Skip to main content

Scaling Applications

Applications experience varying levels of load and traffic. Sometimes, requests can become so numerous that an application may struggle to respond, resulting in errors for users. Scalability is the solution to prevent these disruptions. It involves increasing resources or instances of similar applications and distributing the load among them.

Additionally, temporary traffic growth may occur only during specific hours of the day. In such cases, manual scalability can be time-consuming and challenging. Conversely, allocating excessive resources to an application during low load periods can incur unnecessary costs.
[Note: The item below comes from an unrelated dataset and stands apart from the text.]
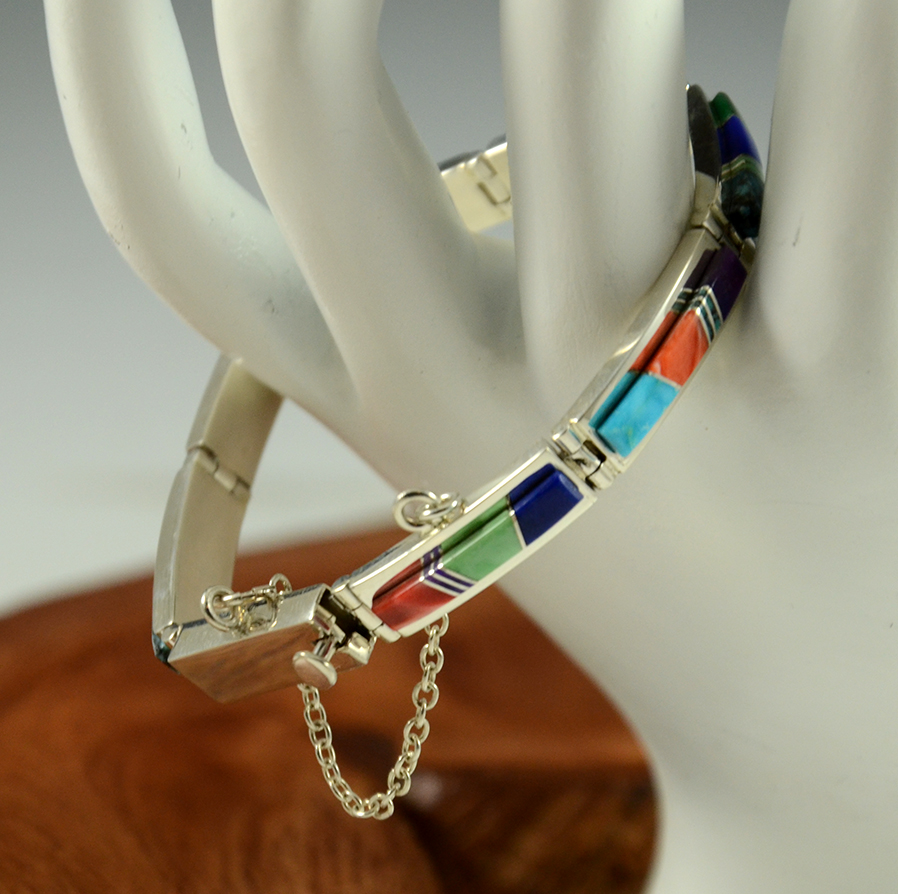 Sterling Silver Bracelet inlaid with Natural Pink Coral by Navajo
Automatic scalability in ArvanCloud Container provides a solution to these challenges.

Generally, there are two types of scalability in infrastructure:

  • Vertical: Vertical scaling allows you to adjust application resources (RAM / CPU / Ephemeral Storage).
  • Horizontal: Horizontal scaling enables you to adjust the number of application instances.

Vertical Scaling

If you need to increase or decrease resources such as RAM, CPU, or Ephemeral Storage for an application, you can click on the application name in the user panel and go to the "Settings" section.

Vertical Scaling

On this page, under "Vertical Scaling", you can specify the required resources and click on the apply button at the end.
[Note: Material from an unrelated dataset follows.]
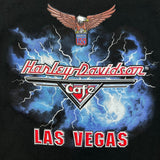 Vintage 90s Harley Davidson Cafe T Shirt Mens Medium Black Las Vegas Lightning USA Tee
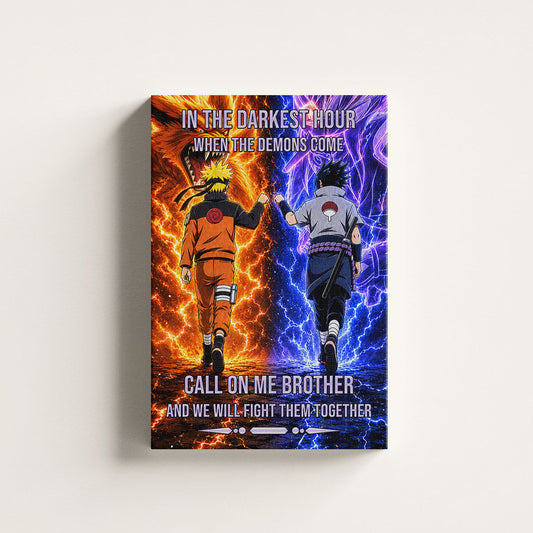 Naruto Canvas Wall Art - NA006 - Naruto Uzumaki - Sasuke Uchiha - Call On Me Brother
Note that this process does not cause any interruptions in the application's operation.

Horizontal Scaling

With Horizontal Scaling in ArvanCloud Container, which is equivalent to HPA in Kubernetes, you can instantly increase the number of application containers to automatically distribute load among different pods using load balancing scenarios. Horizontal Scaling allows you to create multiple instances of your application with just a few clicks, both manually and automatically.

Please note that this feature is only applicable to stateless applications. If your application has Persistent Storage enabled, you cannot use manual or automatic scaling.

To change Horizontal Scaling, click on the application name and go to the "Scaling" section.

Manual Scaling

With manual scaling, you can create a specified number of identical application instances. Load balancing will automatically be enabled on them, ensuring roughly equal load distribution among pods. This capability can be defined and changed at any time and is recommended for users who typically experience consistent loads on their applications.

Manual Scaling

Note that reducing the number of pods to zero will deactivate the application and make it unavailable.

Automatic Scaling

With automatic scaling, as CPU usage increases on the application, similar pods are automatically created and the load is distributed among them. Essentially, you specify how many pods should be available during peak traffic times. For example, if CPU consumption reaches a specified level (and the maximum number of pods defined is more than 2), an additional pod will be added. This process continues until the pod limit is reached.

Automatic Scaling

First, specify the maximum CPU usage threshold. This value determines when pods are created and load balancing is activated based on CPU usage. Then, by defining the number of pods, you can specify how many instances of the application will be created.

After selecting the apply option, similar instances of the application will be created automatically as the CPU load increases to the specified extent, distributing the load among them to prevent performance issues due to resource shortages.